[Records shown]:

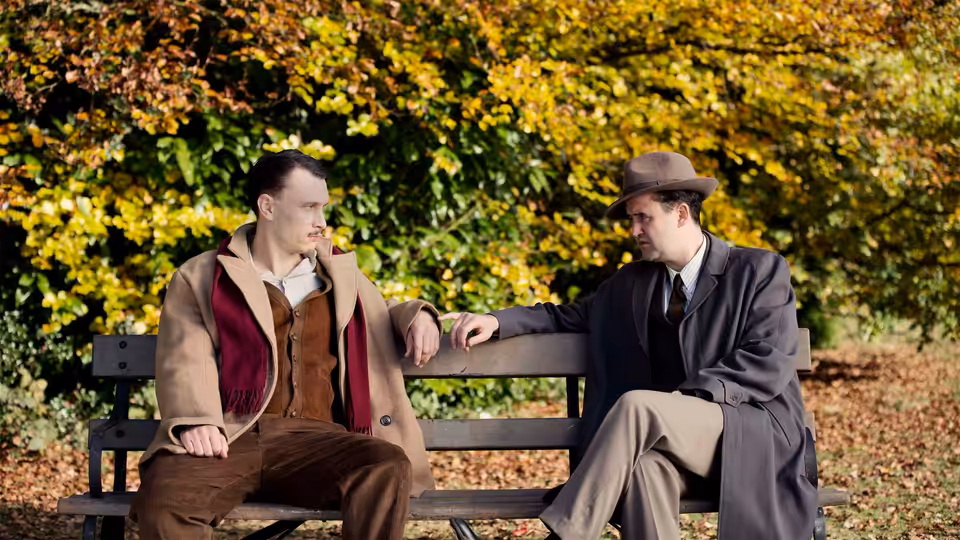 Two men sit talking on a park bench beneath autumn leaves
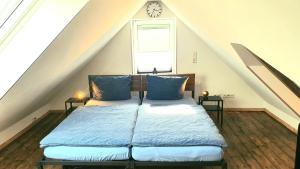 een slaapkamer met een bed met een klok aan de muur bij FRANKES CITY SLEEP Maisonette Apartment, 6 Einzelbetten in Velbert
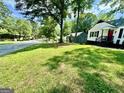 View of front yard showcasing a spacious lawn with a home in the background at 1681 Stanton Sw Rd, Atlanta, GA 30311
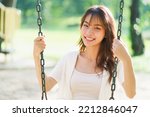 Small photo of Portrait shot of happy optimistic Asian woman, successful, attractive Asian woman with big smiling and confident, Unaware scene of happy emotion of young healthy woman in natural lifestyle in the park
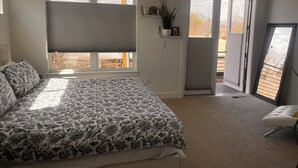 Een slaapkamer met een bed, een raam met zonwering, een deur naar een balkon en een klein plankje met decoratieve objecten.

[Exercise details]: What is needed here is an exact transcript of the data above, pictures excluded.

[Answer box]:
 Two men sit talking on a park bench beneath autumn leaves
 een slaapkamer met een bed met een klok aan de muur bij FRANKES CITY SLEEP Maisonette Apartment, 6 Einzelbetten in Velbert
 View of front yard showcasing a spacious lawn with a home in the background at 1681 Stanton Sw Rd, Atlanta, GA 30311
 Small photo of Portrait shot of happy optimistic Asian woman, successful, attractive Asian woman with big smiling and confident, Unaware scene of happy emotion of young healthy woman in natural lifestyle in the park
 Een slaapkamer met een bed, een raam met zonwering, een deur naar een balkon en een klein plankje met decoratieve objecten.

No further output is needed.